_Pictures with short captions_:
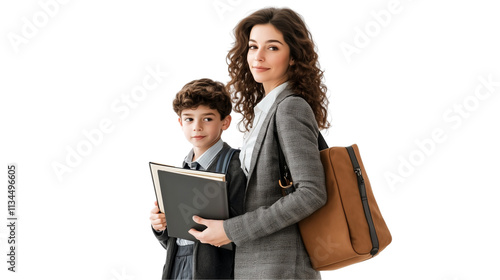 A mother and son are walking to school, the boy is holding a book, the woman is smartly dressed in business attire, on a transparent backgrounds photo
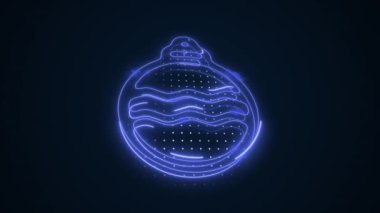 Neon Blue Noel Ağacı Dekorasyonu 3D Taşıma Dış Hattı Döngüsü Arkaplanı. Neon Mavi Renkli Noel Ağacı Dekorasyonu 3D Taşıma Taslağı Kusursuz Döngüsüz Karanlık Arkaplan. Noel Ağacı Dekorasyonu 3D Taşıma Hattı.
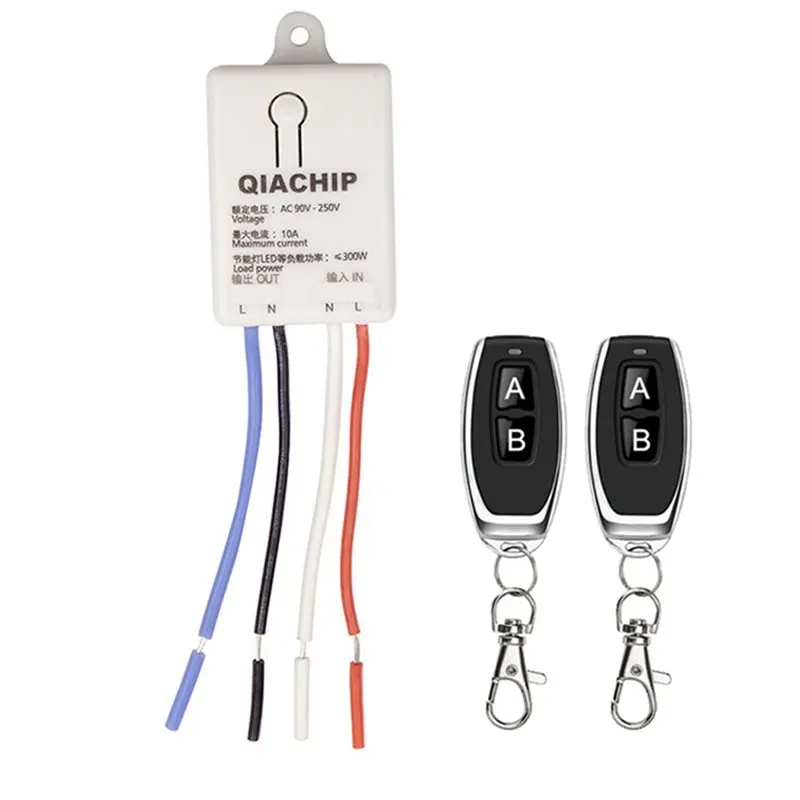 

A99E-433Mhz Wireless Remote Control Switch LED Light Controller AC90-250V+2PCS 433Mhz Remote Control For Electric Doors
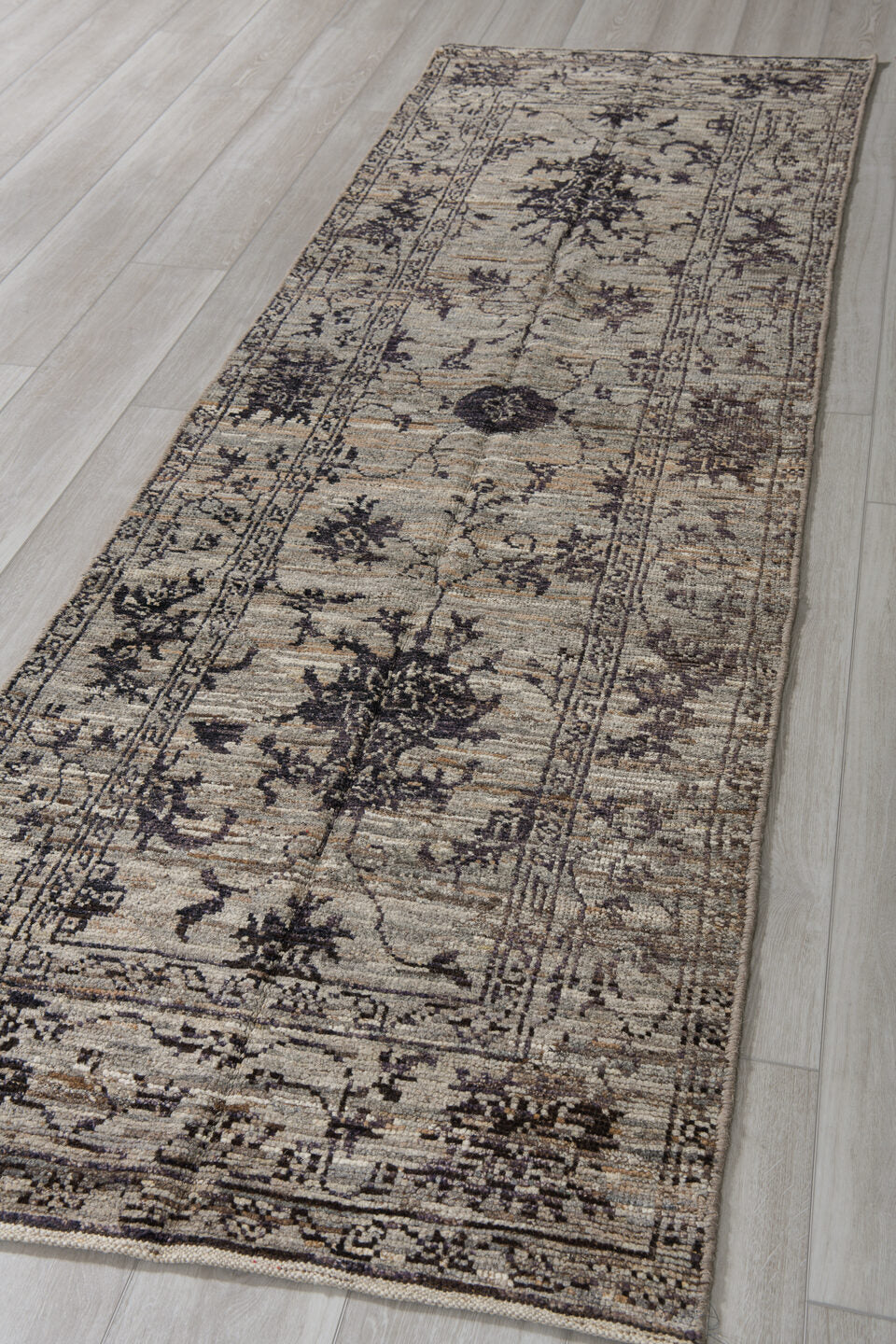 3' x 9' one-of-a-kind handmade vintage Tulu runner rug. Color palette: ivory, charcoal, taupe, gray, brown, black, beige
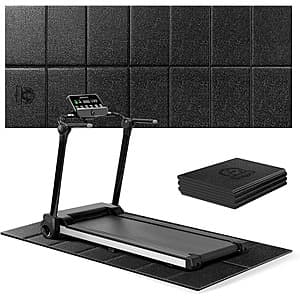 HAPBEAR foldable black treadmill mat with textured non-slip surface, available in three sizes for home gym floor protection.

_TRY IT_:
Exclude the pictures, then write out every record exactly as it stands.

_THE COMPLETED TASK_:
 A mother and son are walking to school, the boy is holding a book, the woman is smartly dressed in business attire, on a transparent backgrounds photo
 Neon Blue Noel Ağacı Dekorasyonu 3D Taşıma Dış Hattı Döngüsü Arkaplanı. Neon Mavi Renkli Noel Ağacı Dekorasyonu 3D Taşıma Taslağı Kusursuz Döngüsüz Karanlık Arkaplan. Noel Ağacı Dekorasyonu 3D Taşıma Hattı.

A99E-433Mhz Wireless Remote Control Switch LED Light Controller AC90-250V+2PCS 433Mhz Remote Control For Electric Doors
 3' x 9' one-of-a-kind handmade vintage Tulu runner rug. Color palette: ivory, charcoal, taupe, gray, brown, black, beige
 HAPBEAR foldable black treadmill mat with textured non-slip surface, available in three sizes for home gym floor protection.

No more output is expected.